Note 5 Net sales by revenue type and business area

  Medtech   Labtech
  2025 2024   2025 2024
Products 5,362 5,282   2,795 2,681
Instruments 493 549   844 800
Services 640 665   314 316
Total 6,495 6,496   3,953 3,797
  2025   2024
  Labtech Medtech Group items Total   Labtech Medtech Group items Total
Ireland 1 1,329 1,330   1 1,273 1,274
United Kingdom 27 1,223 1,250   24 1,305 1,329
Sweden 679 547 1,226   626 471 1,097
Spain 108 970 1,078   56 929 985
Norway 371 457 828   340 503 843
Italy 529 202 731   469 210 679
Denmark 429 252 681   492 267 759
Finland 384 172 556   388 170 558
Germany 125 330 455   134 338 472
Switzerland 76 304 380   82 328 410
Other countries 1,224 709 -6 1,927   1,185 702 -7 1,880
Total 3,953 6,495 -6 10,442   3,797 6,496 -7 10,286

Regarding other revenue types, dividends and interest income are recognised in financial items, see Note 12.

Parent Company

Of the Parent Company’s net sales of SEK 80 million (75), 100 percent (100) relate to intra-group sales. Of administrative expenses in the Parent Company of SEK 117 million (104), 0 percent (0) relates to purchases from Group companies.

Accounting principle

Revenue is recognized at the fair value of the consideration received or to be received. Deductions are made for value-added tax, returns, discounts, and price reductions. Sales are made on credit, normally with payment terms of 30–60 days. The contracts have an original expected duration of no more than one year, and the Group therefore applies the exemption from disclosing the transaction price allocated to remaining performance obligations.

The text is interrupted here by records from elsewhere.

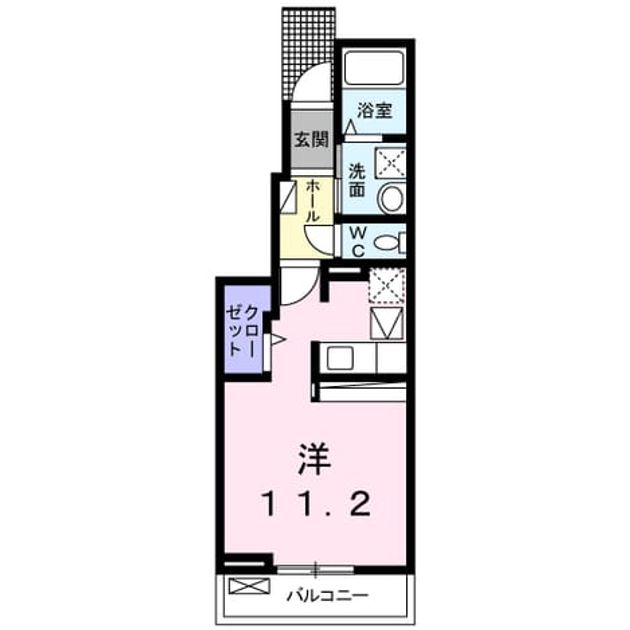 Madori 20220714000000 945x630
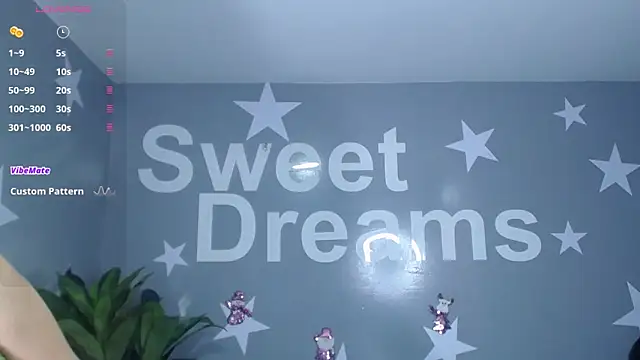 emma wockll t online show from 12/16/25, 01:21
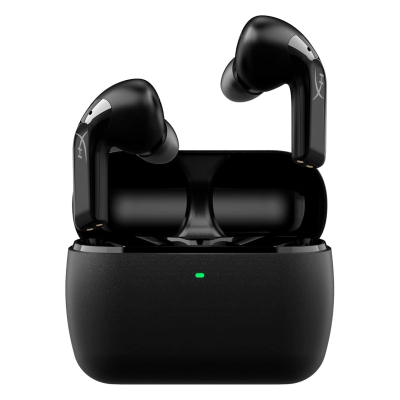 Auriculares Hyperx Cloud Mix Buds 2 (7D0A4Aa)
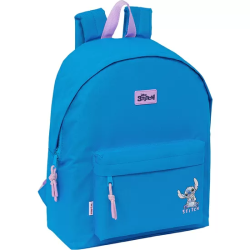 MOCHILA STITCH 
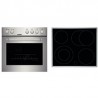 FORNO ELECTROLUX - EOC6P77X - 7332543842957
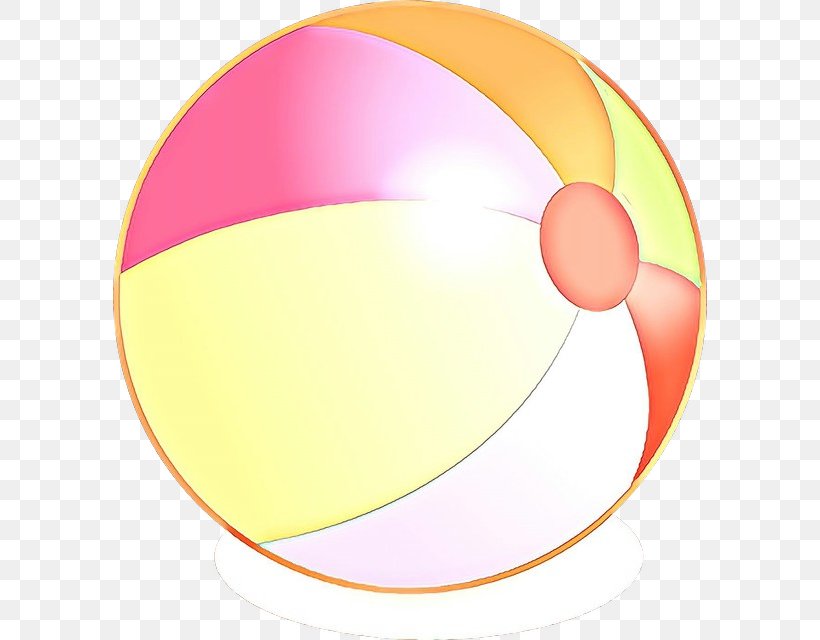 Pink Circle, PNG, 594x640px, Cartoon, Computer, Material, Oval, Pink Download Free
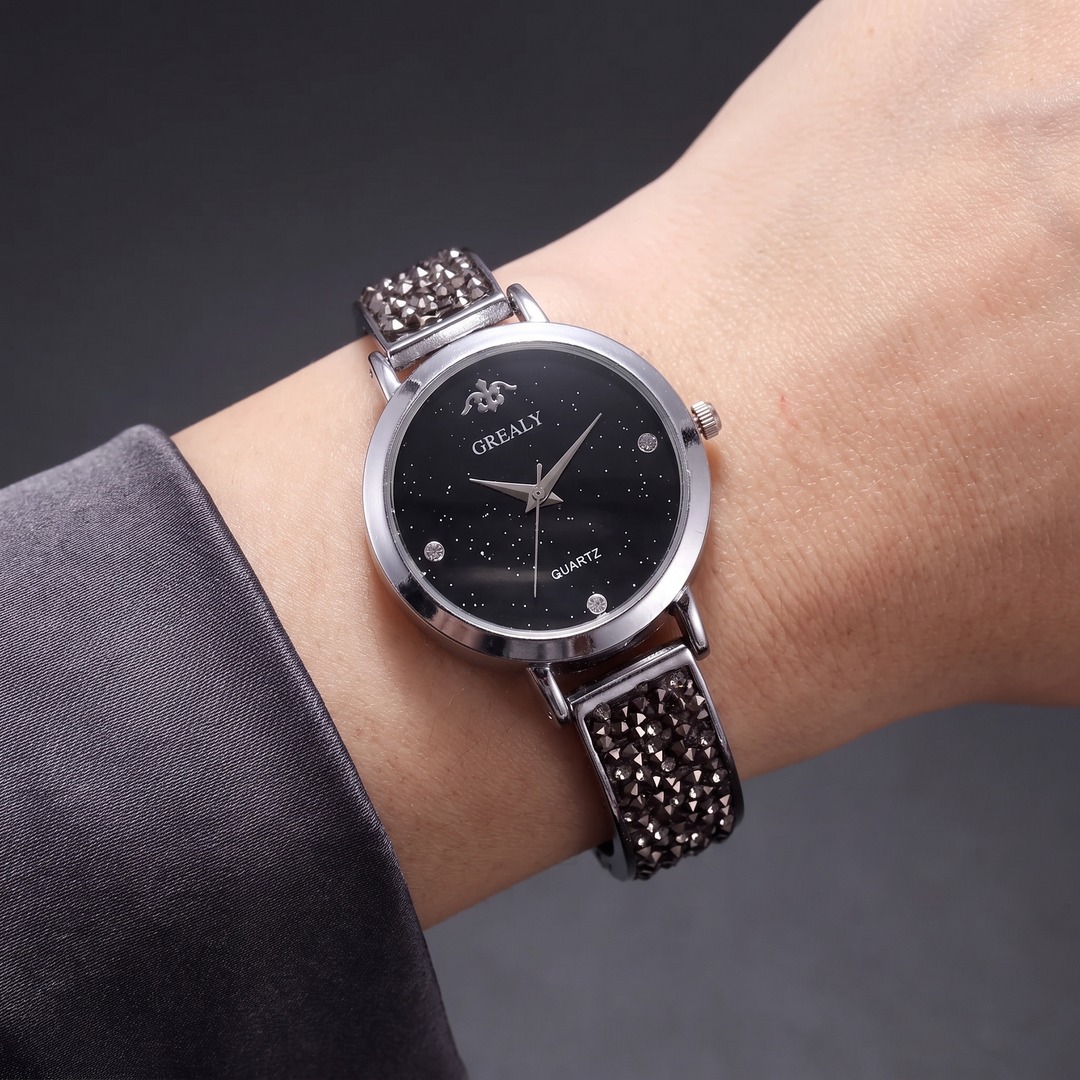 Honora Watch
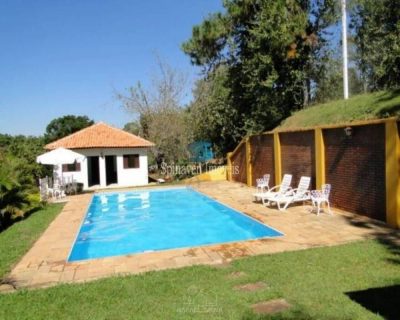 Terreno - Foto 4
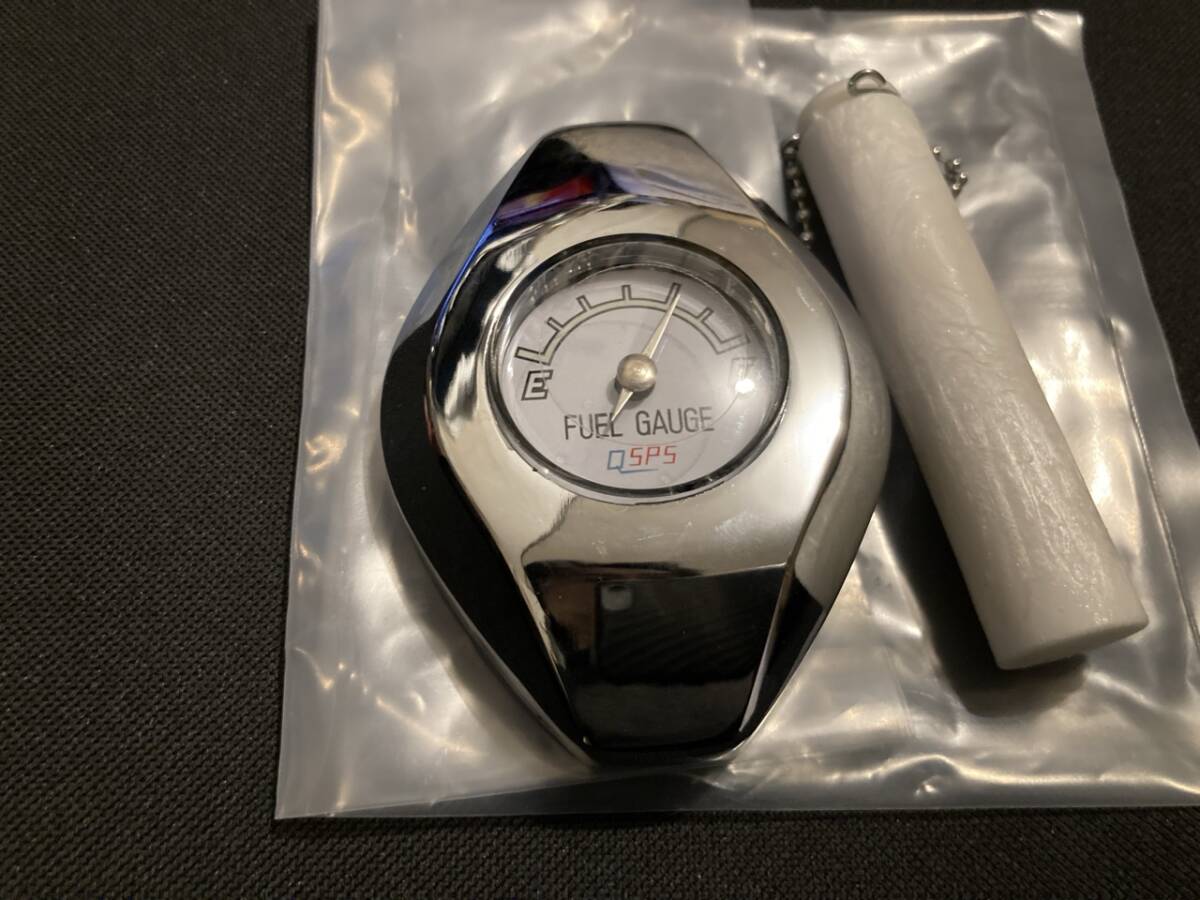 Z1 Z2 フューエルゲージ 燃料計付 タンクキャップ 未使用 (検) 朝日電装 KZ900 750RS BEET キジマ ヨシムラ モリワキ 城東 JMC 名古屋仕様拍卖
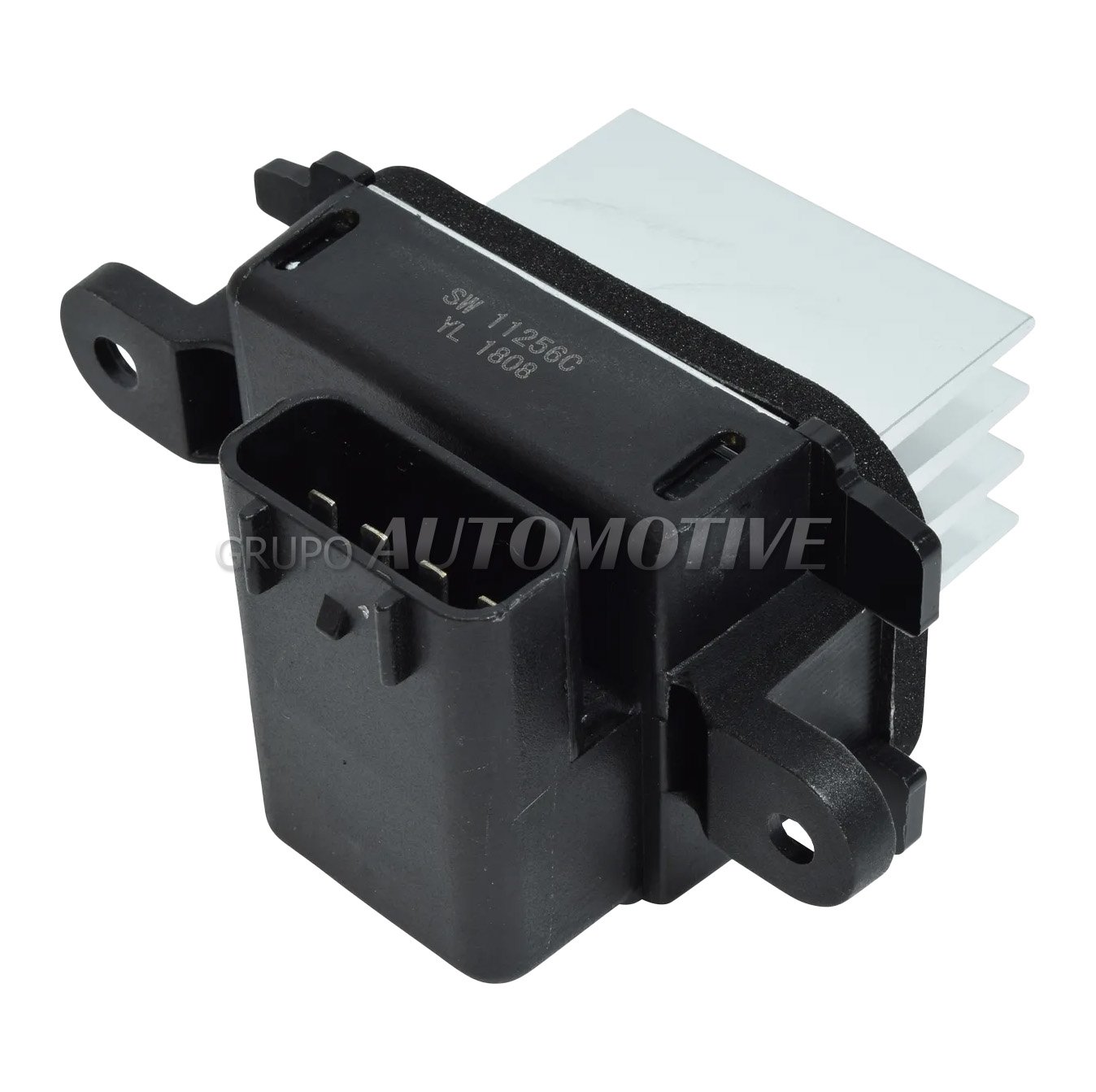 R12561 RESISTENCIA - Imagen 2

Sale of goods and instruments

The majority of AddLife’s net sales consist of sales of goods and instruments. For these, revenue is recognized at a point in time, which is when control of the products has been transferred to the customer. The transfer of control, and thus revenue recognition, normally depends on the delivery terms, which usually coincide with delivery to the customer. At that point, the selling company no longer has any significant control over the goods or any continuing involvement in their management.

Discounts

It happens that products are sold with volume discounts, based on total sales during a certain period of time. Revenue from such agreements is calculated and reported based on experience and probability.

Sale of goods and services combined

The AddLife Group also has certain agreements that cover both goods and services. The services consist, for example, of installation and training related to instruments sold. Hardware, installation and training constitute separate performance obligations, and revenue from these is therefore recognised by allocating the sales value to the different performance obligations. Revenue is recognised when each respective performance obligation is satisfied. Revenue from products is recognised at a point in time. The performance obligations for installation and training are recognised over the period during which the services are provided, which is a short period of time that occurs in close connection with the point at which control of the hardware is transferred to the customer.

Sale of services

Other services form a limited part of AddLife's business. Services are performed for a limited period of time and are reported in the period when the service has been delivered to the counterparty.